* _Task requirements_
Give back, unchanged, the line containing "A Crippled Generation" and every line after it up to the end of the listing.

* _Source material_
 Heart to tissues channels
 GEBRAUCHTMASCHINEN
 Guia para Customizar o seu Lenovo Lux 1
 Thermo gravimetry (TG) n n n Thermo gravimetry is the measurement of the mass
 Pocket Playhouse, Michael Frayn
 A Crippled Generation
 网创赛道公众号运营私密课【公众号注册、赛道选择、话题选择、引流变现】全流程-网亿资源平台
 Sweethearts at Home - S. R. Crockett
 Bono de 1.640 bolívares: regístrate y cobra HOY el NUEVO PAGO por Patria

* _Exercise output_
 A Crippled Generation
 网创赛道公众号运营私密课【公众号注册、赛道选择、话题选择、引流变现】全流程-网亿资源平台
 Sweethearts at Home - S. R. Crockett
 Bono de 1.640 bolívares: regístrate y cobra HOY el NUEVO PAGO por Patria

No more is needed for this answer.